◆ **Excerpted data**
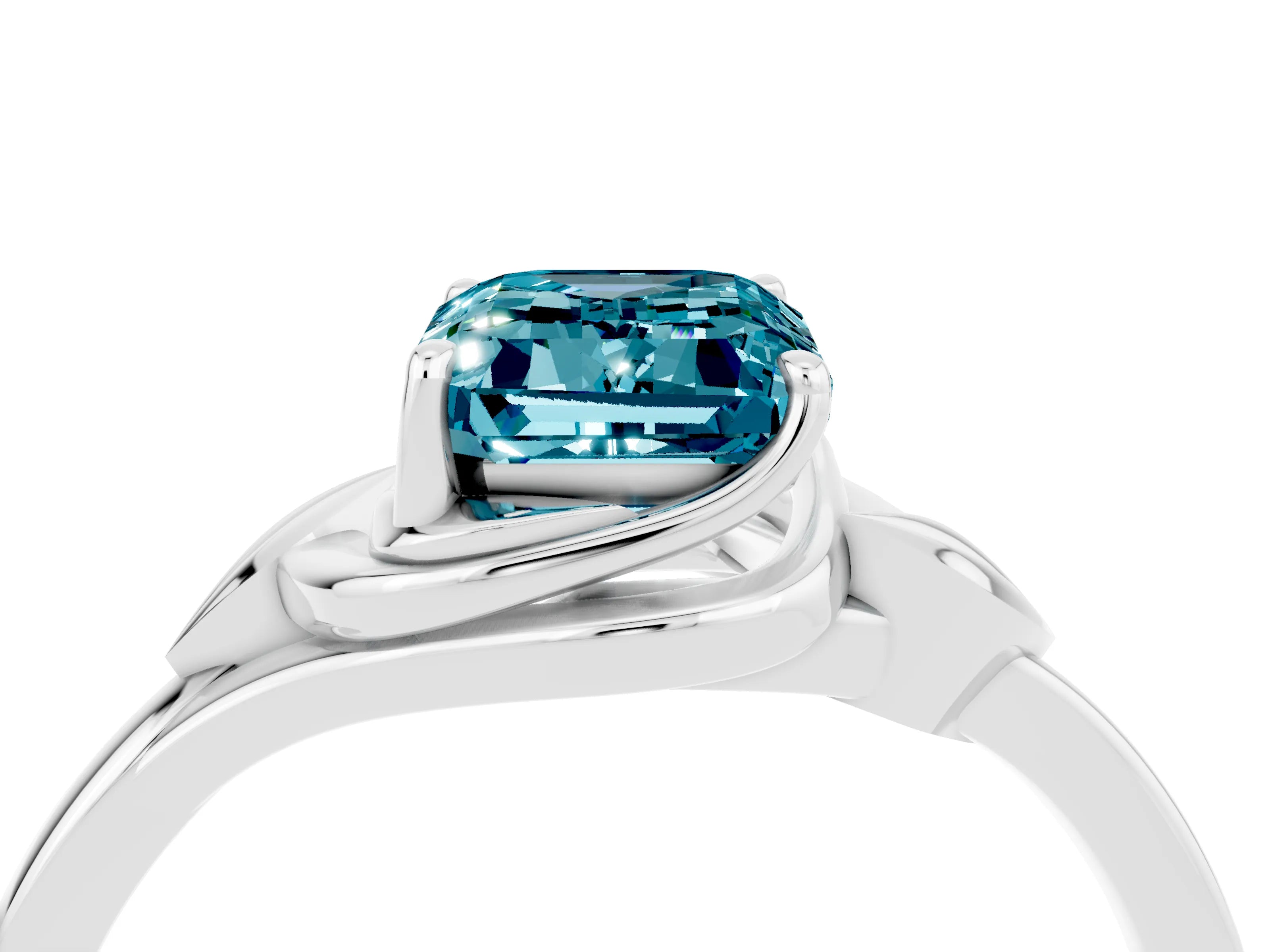 White gold Emerald Cut Blue Topaz Solitaire Ring with Twist Band and Four-Prong Setting_16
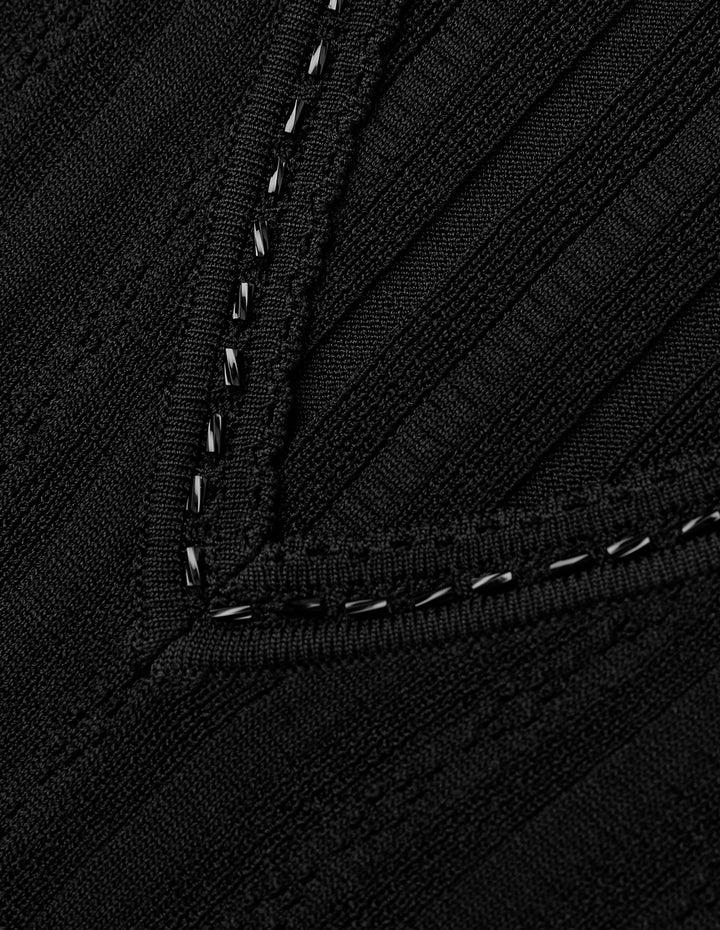 MARYLING V-Neck Vest Hollow Pattern Knitted Dress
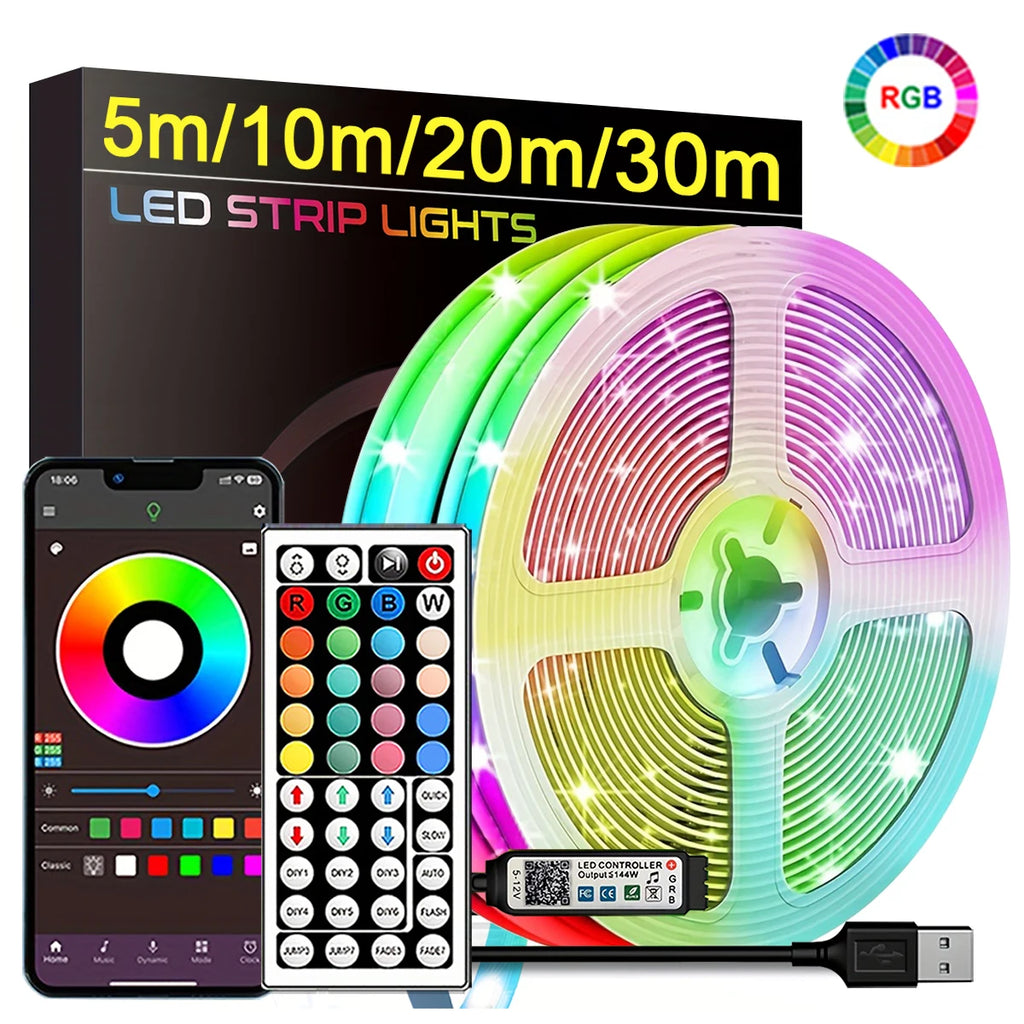 Fita LED RGB Inteligente com Controle por App e Controle Remoto | 5m, 10m, 20m e 30m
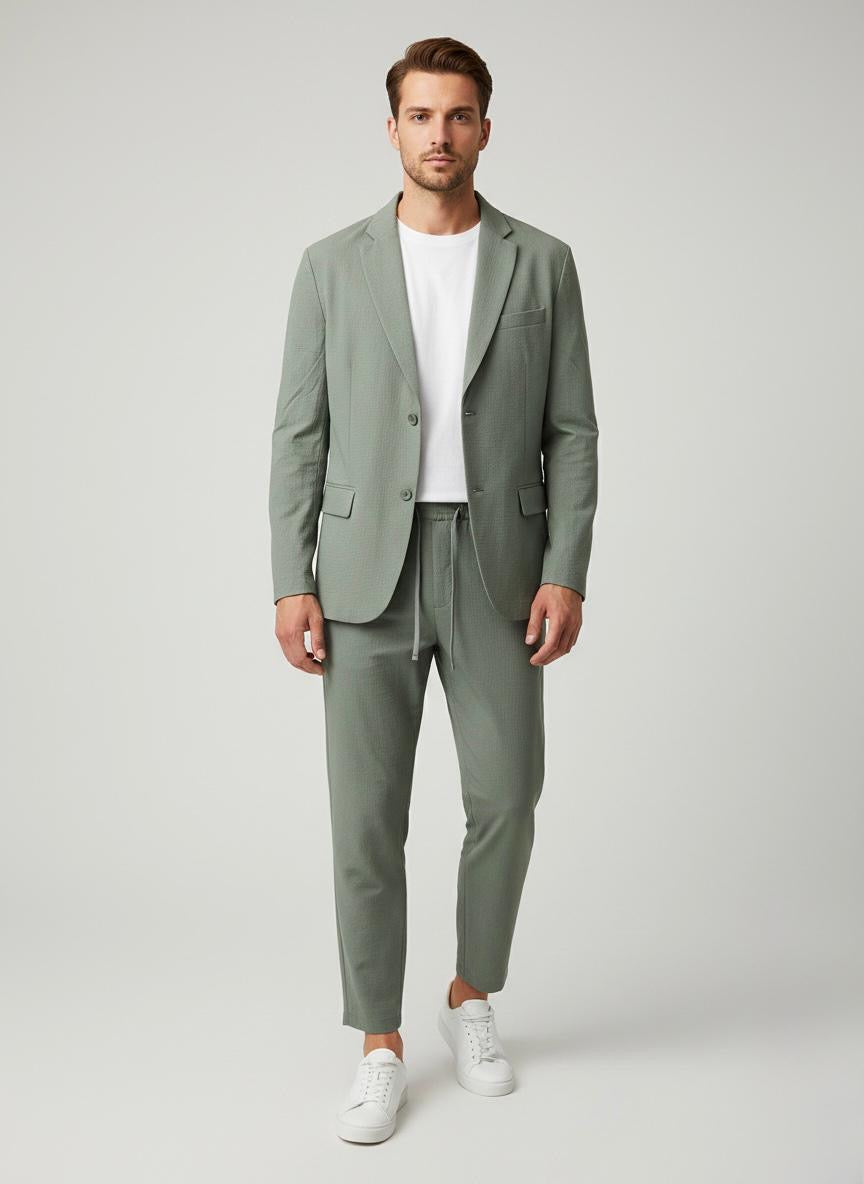 Completo Casual Chic in Tessuto Crespo Verde Salvia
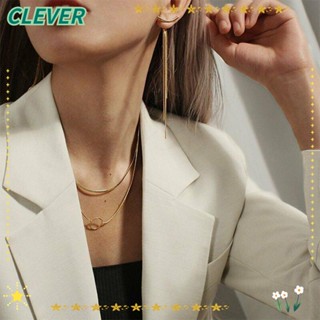 Clever ต่างหูระย้า ห้อยพู่โซ่ยาว ทรงเรขาคณิต เครื่องประดับสตรี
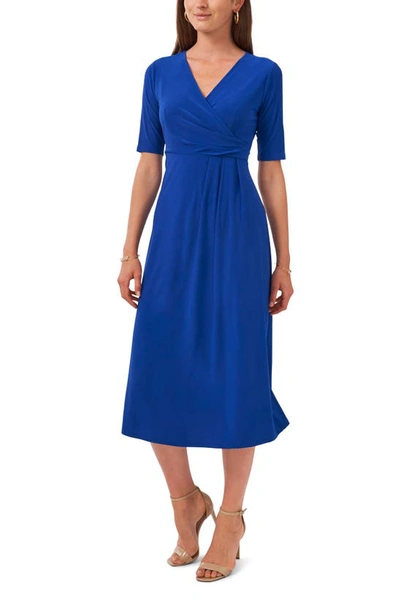 Chaus Laura Faux Wrap Midi Dress In Neon Royal Salsa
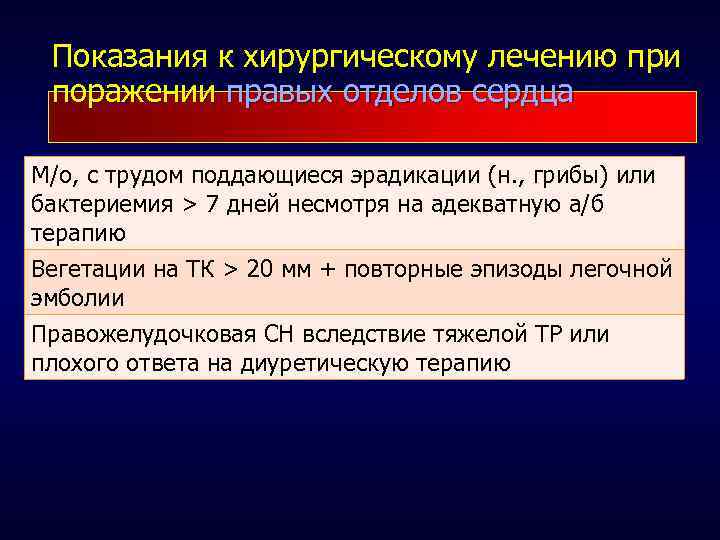 Показания к хирургическому лечению при поражении правых отделов сердца М/о, с трудом поддающиеся эрадикации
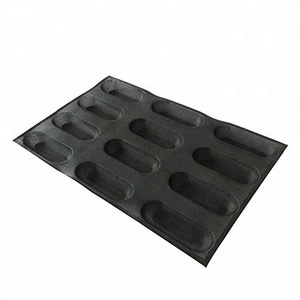 Bandejas de silicona antiadherentes para panadería 60x40cm Incluye 12 piezas Moldes para perros calientes de 6,5 pulgadas Herramientas para pasteles - Product Image 2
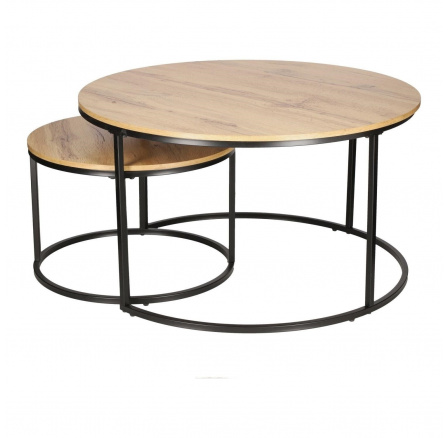 Sada 2 stolíkov Ruth prírodné/čierne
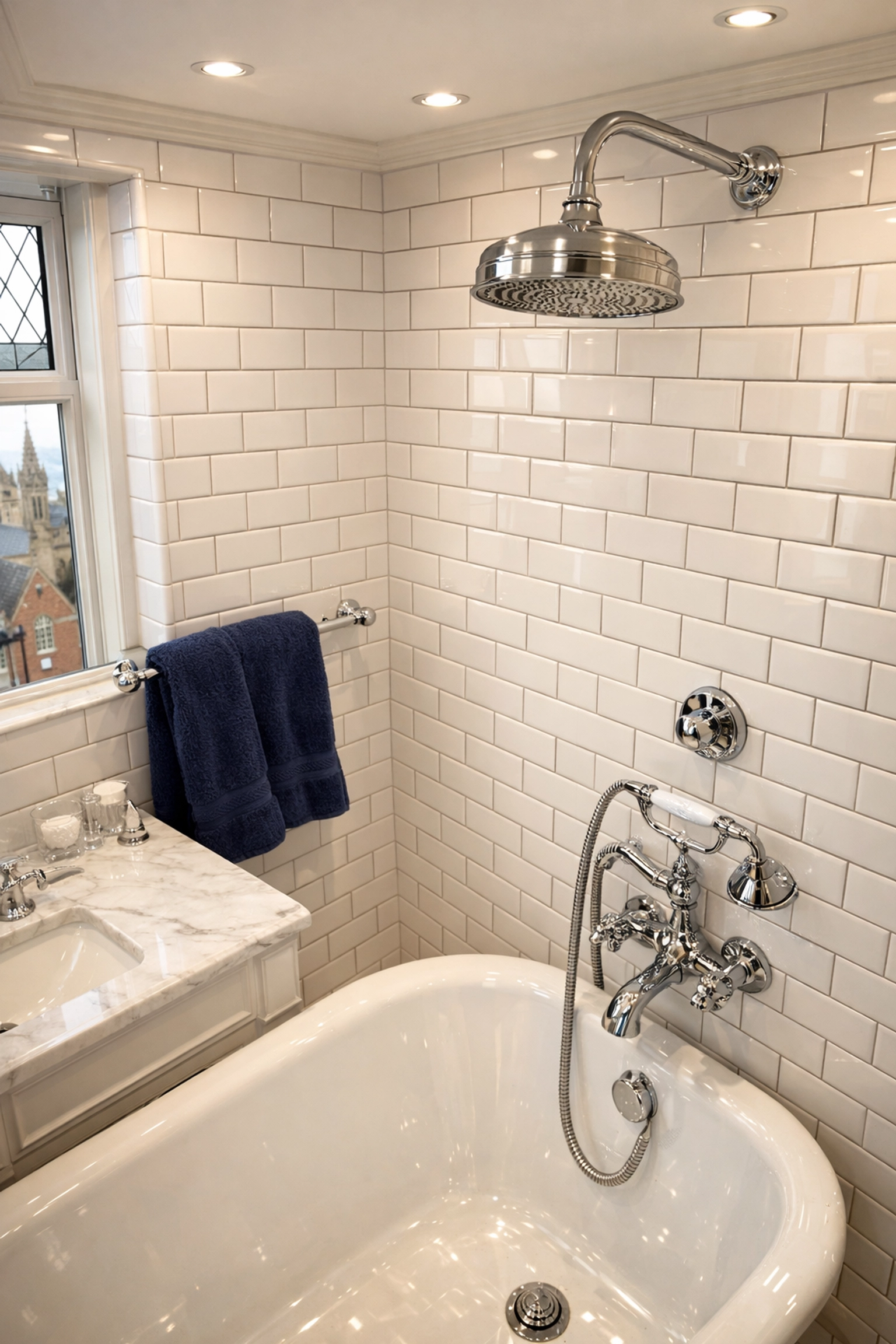 Sanitized luxury bathroom in West Cambridge featuring clean grout and polished bathroom fixtures.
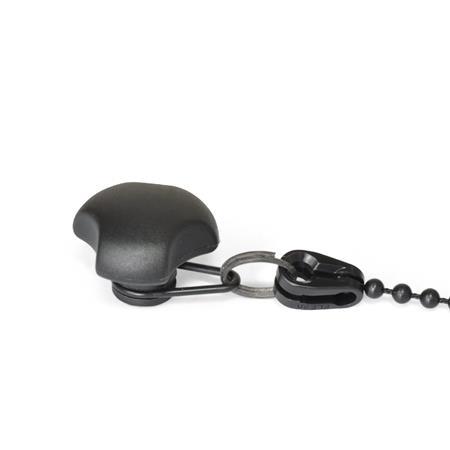 Boutons tristar GN 5342.13: Plastique, douille filetée inox, avec protection contre la perte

◆ **Task details**
Write the listing again exactly, duplicating every line and skipping the pictures.

◆ **Result of the exercise**
 White gold Emerald Cut Blue Topaz Solitaire Ring with Twist Band and Four-Prong Setting_16
 MARYLING V-Neck Vest Hollow Pattern Knitted Dress
 Fita LED RGB Inteligente com Controle por App e Controle Remoto | 5m, 10m, 20m e 30m
 Completo Casual Chic in Tessuto Crespo Verde Salvia
 Clever ต่างหูระย้า ห้อยพู่โซ่ยาว ทรงเรขาคณิต เครื่องประดับสตรี
 Chaus Laura Faux Wrap Midi Dress In Neon Royal Salsa
 Показания к хирургическому лечению при поражении правых отделов сердца М/о, с трудом поддающиеся эрадикации
 Bandejas de silicona antiadherentes para panadería 60x40cm Incluye 12 piezas Moldes para perros calientes de 6,5 pulgadas Herramientas para pasteles - Product Image 2
 Sada 2 stolíkov Ruth prírodné/čierne
 Sanitized luxury bathroom in West Cambridge featuring clean grout and polished bathroom fixtures.
 Boutons tristar GN 5342.13: Plastique, douille filetée inox, avec protection contre la perte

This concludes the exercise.